[[ EXTRACTED MATERIAL open ]]

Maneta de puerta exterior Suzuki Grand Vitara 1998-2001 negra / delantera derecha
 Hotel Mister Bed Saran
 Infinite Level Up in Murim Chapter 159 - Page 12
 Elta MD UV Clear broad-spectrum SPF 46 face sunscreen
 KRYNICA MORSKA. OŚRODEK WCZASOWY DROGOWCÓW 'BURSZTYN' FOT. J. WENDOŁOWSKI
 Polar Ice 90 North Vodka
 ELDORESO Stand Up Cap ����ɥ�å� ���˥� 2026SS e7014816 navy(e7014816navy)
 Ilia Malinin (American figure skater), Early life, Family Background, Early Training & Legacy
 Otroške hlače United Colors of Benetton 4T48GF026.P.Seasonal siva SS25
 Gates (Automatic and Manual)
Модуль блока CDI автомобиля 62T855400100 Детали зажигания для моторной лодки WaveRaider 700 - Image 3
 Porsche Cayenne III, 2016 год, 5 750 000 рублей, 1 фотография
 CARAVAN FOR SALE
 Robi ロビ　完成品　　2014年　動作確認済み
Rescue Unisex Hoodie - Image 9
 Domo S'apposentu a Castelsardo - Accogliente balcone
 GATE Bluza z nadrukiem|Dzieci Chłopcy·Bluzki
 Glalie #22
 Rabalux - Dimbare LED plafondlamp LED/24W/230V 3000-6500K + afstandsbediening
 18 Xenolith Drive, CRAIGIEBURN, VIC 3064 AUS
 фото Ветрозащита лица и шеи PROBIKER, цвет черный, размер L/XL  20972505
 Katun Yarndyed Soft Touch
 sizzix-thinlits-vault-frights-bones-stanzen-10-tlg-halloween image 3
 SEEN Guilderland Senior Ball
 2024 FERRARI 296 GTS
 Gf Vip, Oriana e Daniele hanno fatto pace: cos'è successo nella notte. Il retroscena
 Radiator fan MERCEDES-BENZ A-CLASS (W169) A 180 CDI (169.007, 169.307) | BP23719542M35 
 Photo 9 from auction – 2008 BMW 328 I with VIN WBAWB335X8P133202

[[ EXTRACTED MATERIAL closed ]]

TASK DESCRIPTION — Could you transcribe the whole listing exactly?

TASK RESULT —
Maneta de puerta exterior Suzuki Grand Vitara 1998-2001 negra / delantera derecha
 Hotel Mister Bed Saran
 Infinite Level Up in Murim Chapter 159 - Page 12
 Elta MD UV Clear broad-spectrum SPF 46 face sunscreen
 KRYNICA MORSKA. OŚRODEK WCZASOWY DROGOWCÓW 'BURSZTYN' FOT. J. WENDOŁOWSKI
 Polar Ice 90 North Vodka
 ELDORESO Stand Up Cap ����ɥ�å� ���˥� 2026SS e7014816 navy(e7014816navy)
 Ilia Malinin (American figure skater), Early life, Family Background, Early Training & Legacy
 Otroške hlače United Colors of Benetton 4T48GF026.P.Seasonal siva SS25
 Gates (Automatic and Manual)
Модуль блока CDI автомобиля 62T855400100 Детали зажигания для моторной лодки WaveRaider 700 - Image 3
 Porsche Cayenne III, 2016 год, 5 750 000 рублей, 1 фотография
 CARAVAN FOR SALE
 Robi ロビ　完成品　　2014年　動作確認済み
Rescue Unisex Hoodie - Image 9
 Domo S'apposentu a Castelsardo - Accogliente balcone
 GATE Bluza z nadrukiem|Dzieci Chłopcy·Bluzki
 Glalie #22
 Rabalux - Dimbare LED plafondlamp LED/24W/230V 3000-6500K + afstandsbediening
 18 Xenolith Drive, CRAIGIEBURN, VIC 3064 AUS
 фото Ветрозащита лица и шеи PROBIKER, цвет черный, размер L/XL  20972505
 Katun Yarndyed Soft Touch
 sizzix-thinlits-vault-frights-bones-stanzen-10-tlg-halloween image 3
 SEEN Guilderland Senior Ball
 2024 FERRARI 296 GTS
 Gf Vip, Oriana e Daniele hanno fatto pace: cos'è successo nella notte. Il retroscena
 Radiator fan MERCEDES-BENZ A-CLASS (W169) A 180 CDI (169.007, 169.307) | BP23719542M35 
 Photo 9 from auction – 2008 BMW 328 I with VIN WBAWB335X8P133202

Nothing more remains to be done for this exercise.